Top of THE DATA

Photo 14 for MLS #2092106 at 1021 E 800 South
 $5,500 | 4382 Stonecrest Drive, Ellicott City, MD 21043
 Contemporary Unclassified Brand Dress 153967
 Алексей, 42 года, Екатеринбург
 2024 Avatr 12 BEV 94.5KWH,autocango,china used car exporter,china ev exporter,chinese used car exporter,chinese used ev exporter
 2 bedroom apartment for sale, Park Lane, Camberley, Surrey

Bottom of THE DATA

WHAT THE TASK ASKS>
All of the records above are to be copied exactly.

SOLUTION TO THE EXERCISE>
Photo 14 for MLS #2092106 at 1021 E 800 South
 $5,500 | 4382 Stonecrest Drive, Ellicott City, MD 21043
 Contemporary Unclassified Brand Dress 153967
 Алексей, 42 года, Екатеринбург
 2024 Avatr 12 BEV 94.5KWH,autocango,china used car exporter,china ev exporter,chinese used car exporter,chinese used ev exporter
 2 bedroom apartment for sale, Park Lane, Camberley, Surrey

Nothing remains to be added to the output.